The federation's executive committee said it was troubled and deeply concerned by news reports that a foreign couple had been "traumatised in the wee hours of the morning when officers of the Kedah Religious Department stormed into their Langkawi condominium and rudely interrogated them."
Americans, retired policeman Randal Barnhart and his wife Carole, who had wanted to make Malaysia their second home, are now reconsidering that plan after their unpleasant encounter with religious officials who had accused them of committing khalwat (close proximity).
The federation said that even though the Barnharts, in their 60s and married for over 42 years, told the raiding team they were Christians, the officers continued to be intimidating towards the couple, insisting they show their marriage certificate.
Although the Prime Minister had just recently refuted his predecessor's claim that Malaysia was now a police state, the federation said incidents such as that in Kedah and other similar actions by over-zealous vigilante groups in Malaysia pointed to the contrary.

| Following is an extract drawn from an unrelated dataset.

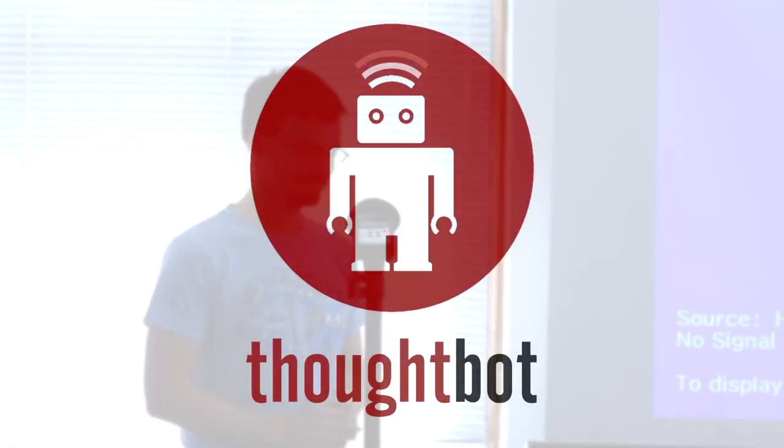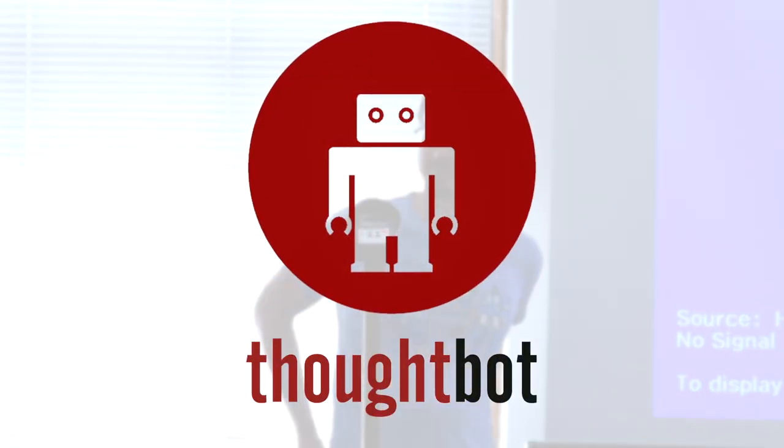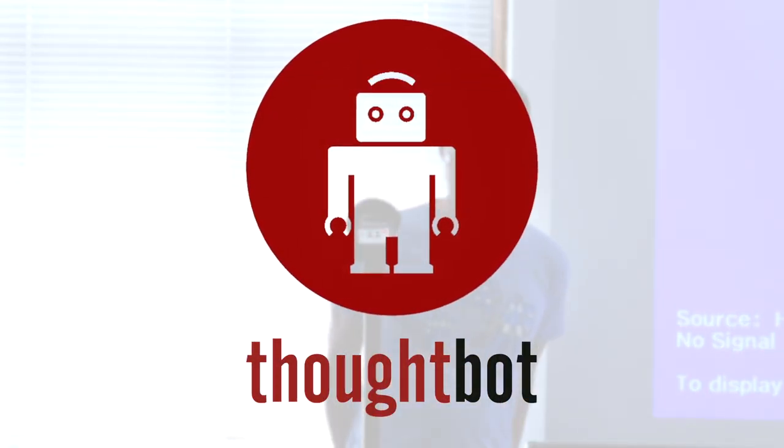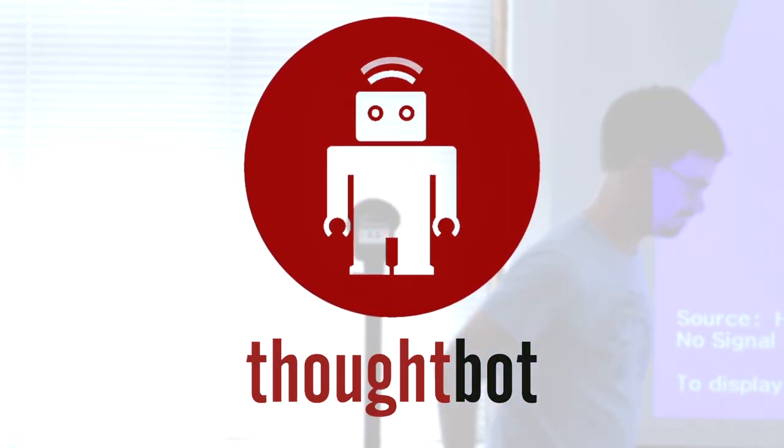So that's kind of my take on authentication systems. I wanted to keep this talk nice and short. Let me know if you want to chat about it. Thank you.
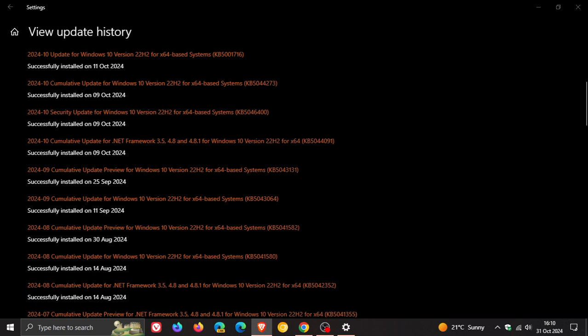So that's the issue that this update is causing, KB5043131. If you are using QuickAssist, Microsoft Teams, Windows Narrator, or any app with UI access set to true, those apps are failing to start.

Apart from urging the Cabinet to look into the matter and take steps to reassure all Malaysians, the federation called on the Kedah Religious Department to offer an official apology to the Barnharts, and for the Tourism Minister to assure all tourists and Malaysians that they will not be subjected to vigilante moral policing by religious officers.
"The CFM joins the voices of other concerned groups in the country in affirming the personal freedoms guaranteed to every person in our Constitution and that no person should be subject to laws other than what is sanctioned by Parliament," it added.